# ACTIVITY
Produce as output only the lines below starting at the line with "倍润公制螺纹-ED密封/-E" and continuing through the line with "SANTONI Коричневые замшевые лоферы, фото 3", each one exactly as written.

# EXERCISE DATA
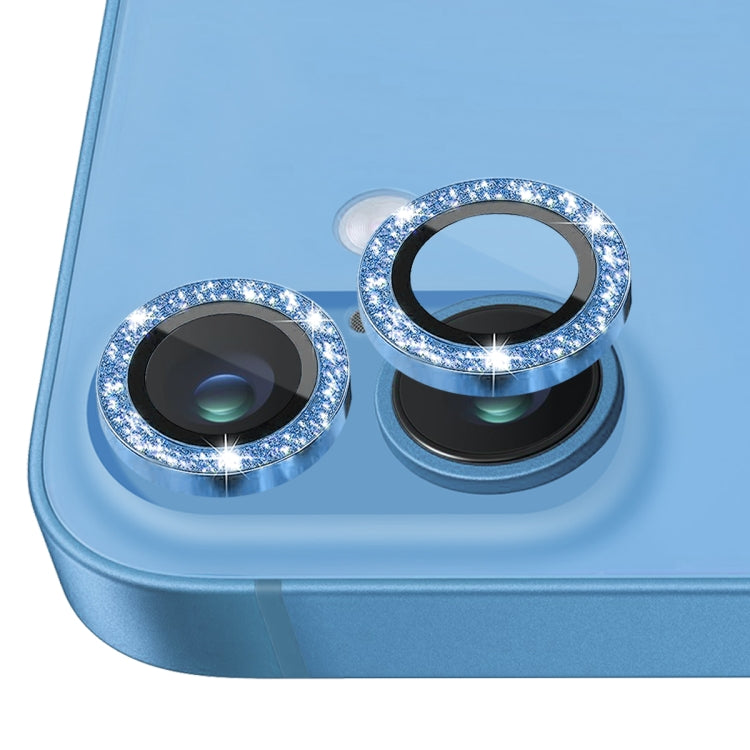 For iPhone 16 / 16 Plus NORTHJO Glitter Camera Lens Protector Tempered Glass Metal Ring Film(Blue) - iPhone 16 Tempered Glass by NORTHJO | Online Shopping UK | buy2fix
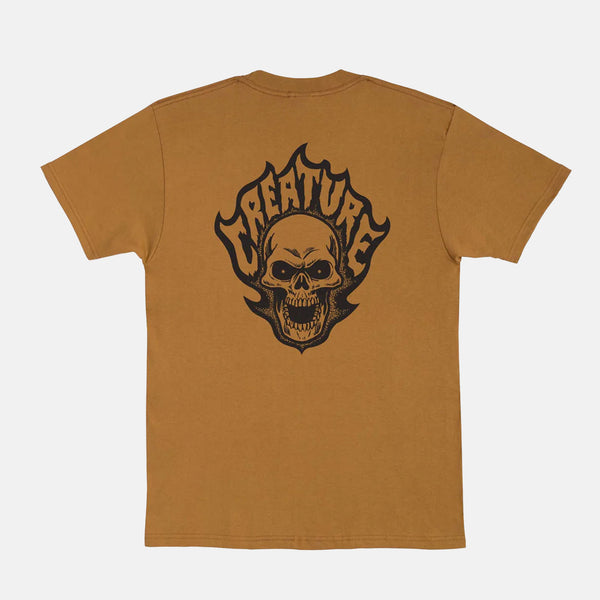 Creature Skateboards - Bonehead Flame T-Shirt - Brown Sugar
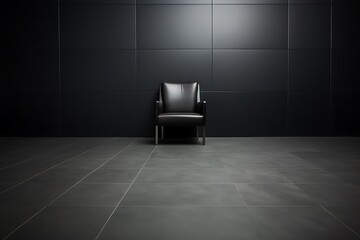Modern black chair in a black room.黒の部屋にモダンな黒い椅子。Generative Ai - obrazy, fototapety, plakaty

---

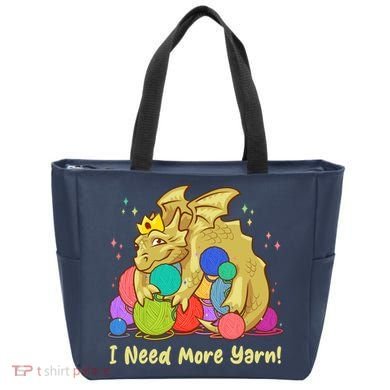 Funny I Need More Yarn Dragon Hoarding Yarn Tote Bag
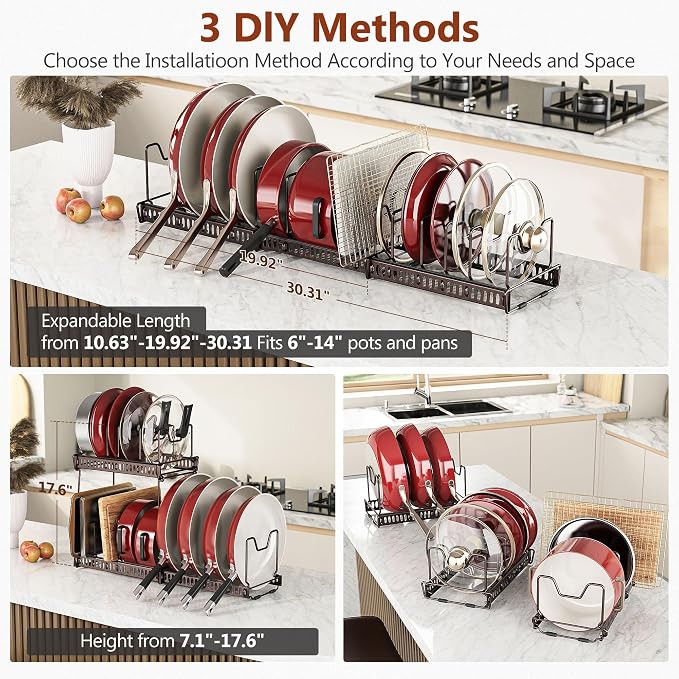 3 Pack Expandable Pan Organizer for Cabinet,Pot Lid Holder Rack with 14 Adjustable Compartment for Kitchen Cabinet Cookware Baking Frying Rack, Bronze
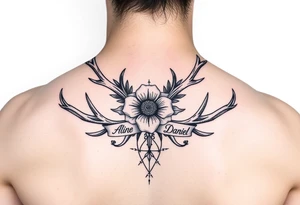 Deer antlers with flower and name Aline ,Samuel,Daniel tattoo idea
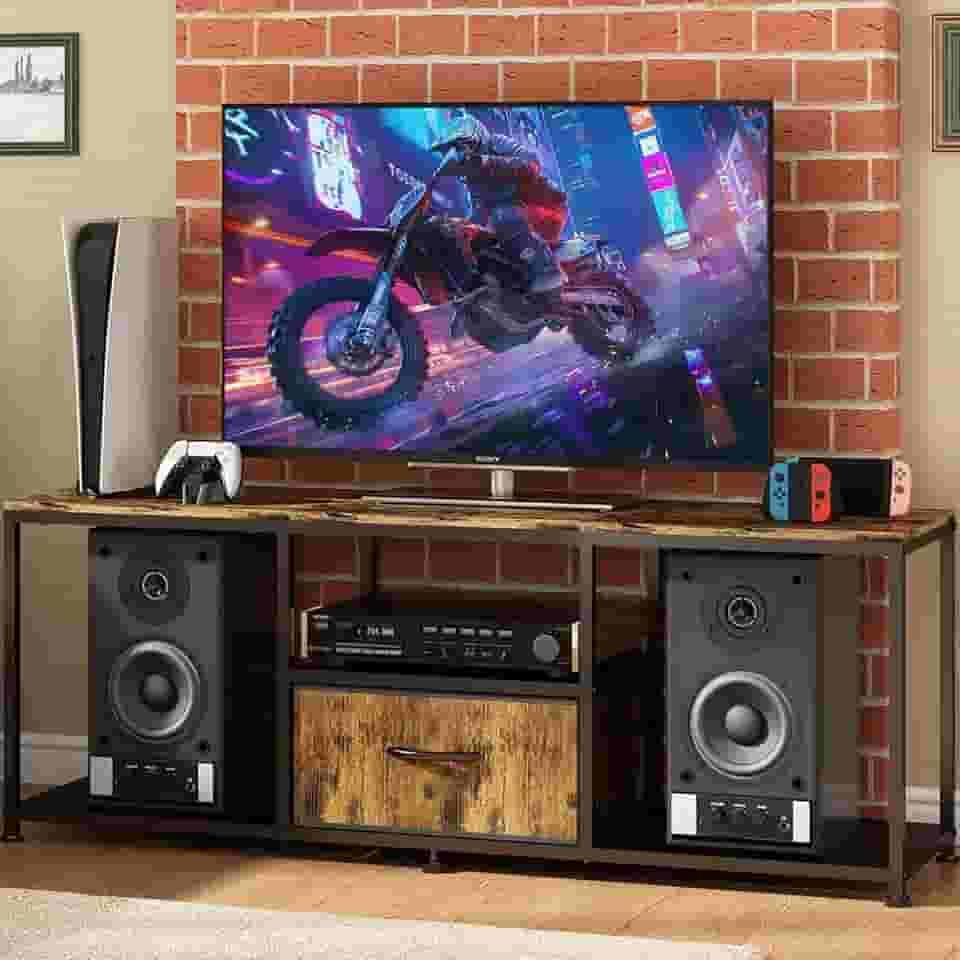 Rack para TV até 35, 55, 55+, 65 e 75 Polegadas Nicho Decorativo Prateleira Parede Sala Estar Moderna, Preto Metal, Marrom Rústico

--

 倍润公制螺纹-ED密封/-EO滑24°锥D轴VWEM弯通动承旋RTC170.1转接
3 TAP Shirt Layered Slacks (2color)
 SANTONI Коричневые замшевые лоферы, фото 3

# RESULT
 倍润公制螺纹-ED密封/-EO滑24°锥D轴VWEM弯通动承旋RTC170.1转接
3 TAP Shirt Layered Slacks (2color)
 SANTONI Коричневые замшевые лоферы, фото 3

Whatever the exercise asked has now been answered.